Assigned task. As the output, give exactly the lines that run from the one with "Mercedes C 180" through the end of the records below, and omit pictures.

Information given.
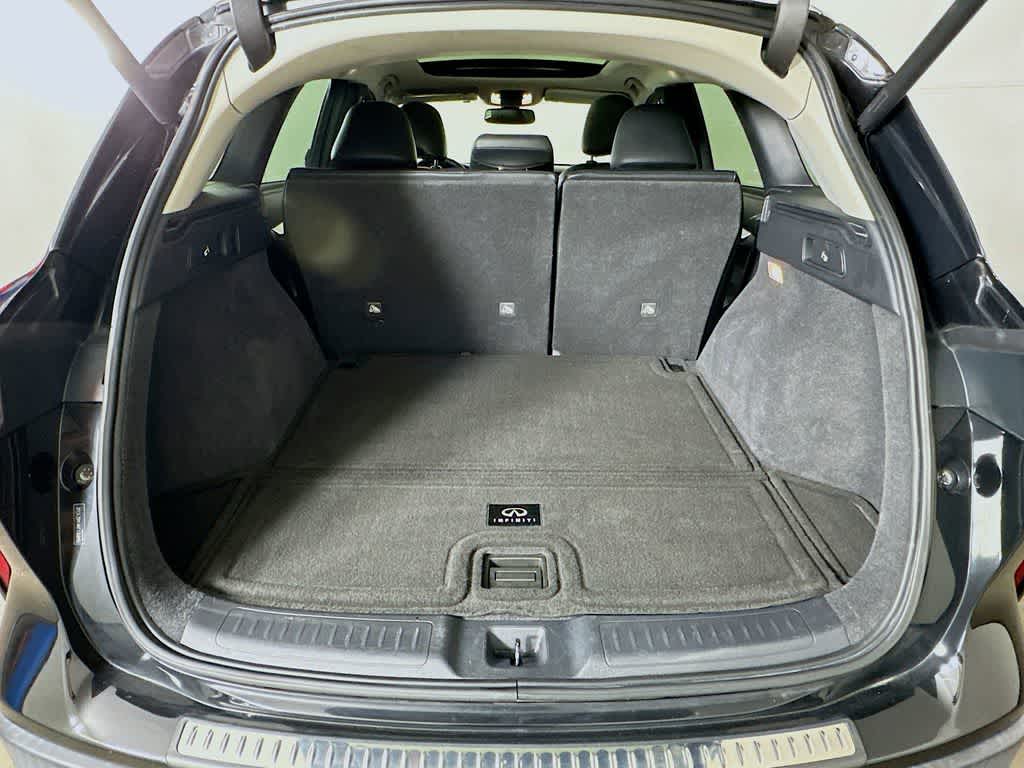 Thumbnail: 2019 INFINITI QX50 - 21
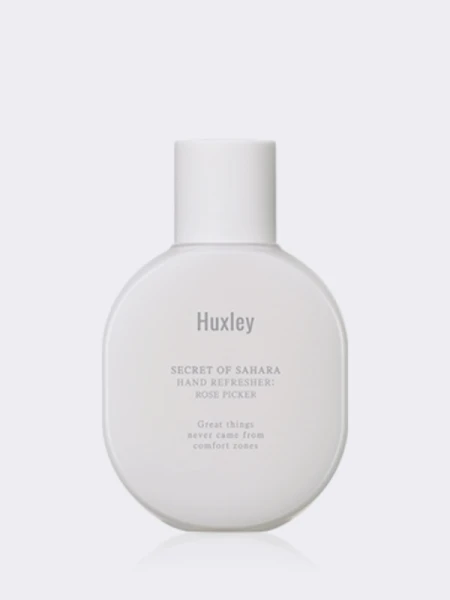 Парфюмированный рефрешер для рук с ароматом розы Huxley Hand Refresher Rose Picker Парфюмированный рефрешер для рук с ароматом розы Huxley Hand Refresher Rose Picker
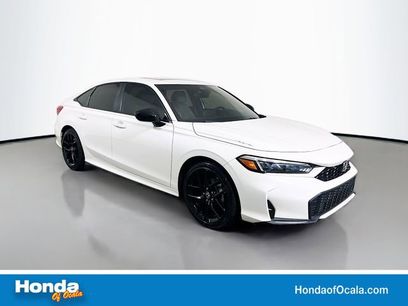 Used 2025 Honda Civic Sport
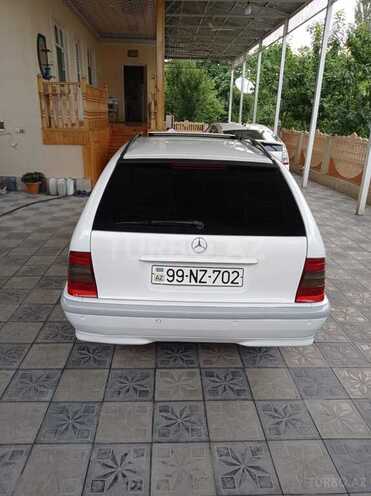 Mercedes C 180 1997, 330,000 km - 1.8 l - Ağdaş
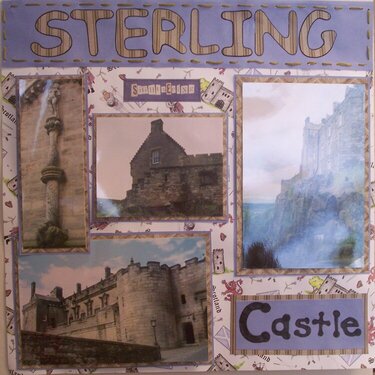 Sterling Castle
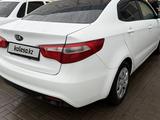 Kia Rio 2014 годаүшін4 500 000 тг. в Актобе – фото 5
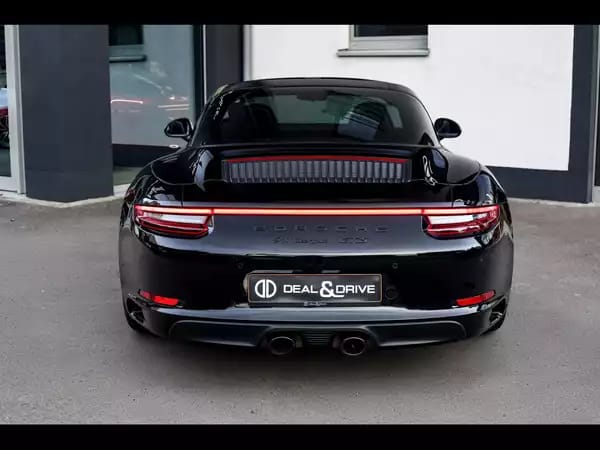 Porsche 911 (991.2) TARGA 4 GTS PDK - Photo 3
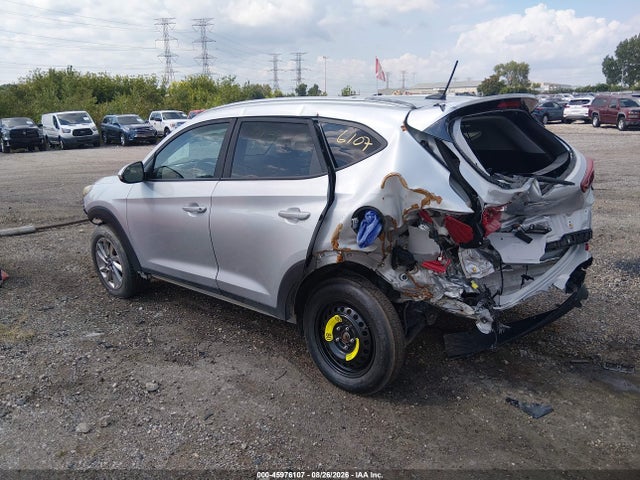 Hyundai TUCSON SE 2017 KM8J3CA44HU398487 Image 3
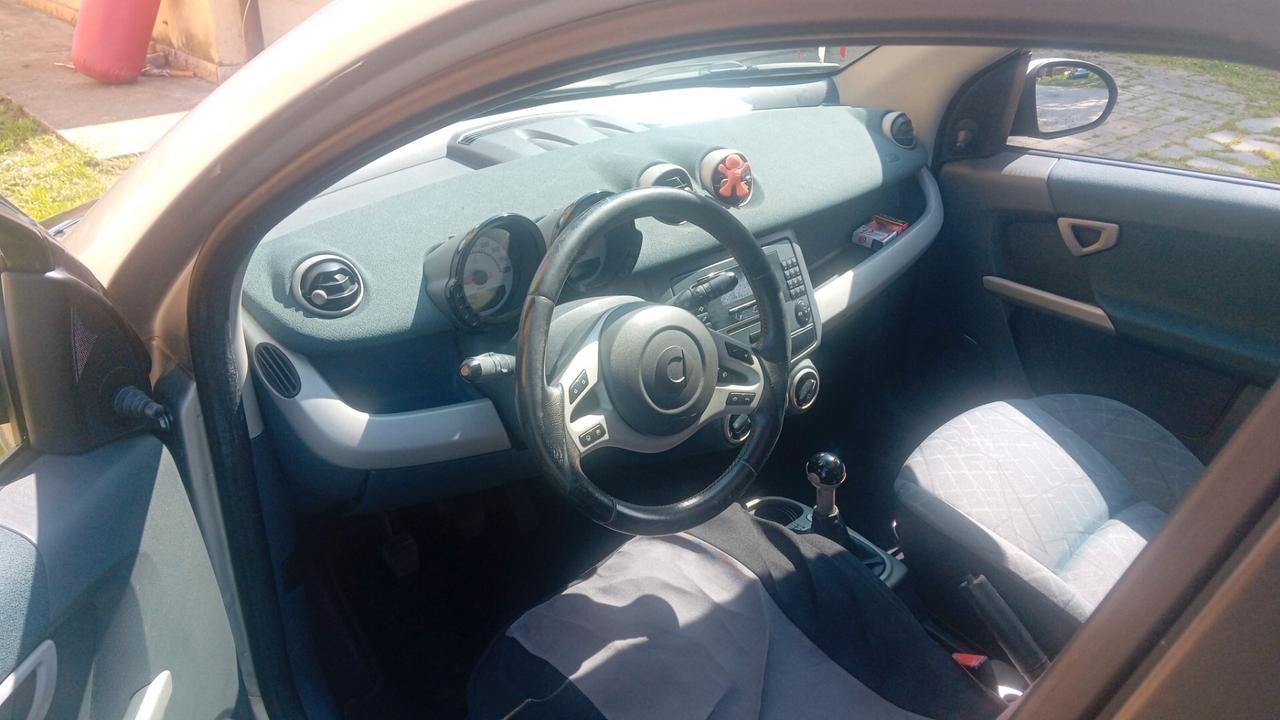 Smart ForFour 1.1 passion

Answer for the task.
 Mercedes C 180 1997, 330,000 km - 1.8 l - Ağdaş
 Sterling Castle
 Kia Rio 2014 годаүшін4 500 000 тг. в Актобе – фото 5
 Porsche 911 (991.2) TARGA 4 GTS PDK - Photo 3
 Hyundai TUCSON SE 2017 KM8J3CA44HU398487 Image 3
 Smart ForFour 1.1 passion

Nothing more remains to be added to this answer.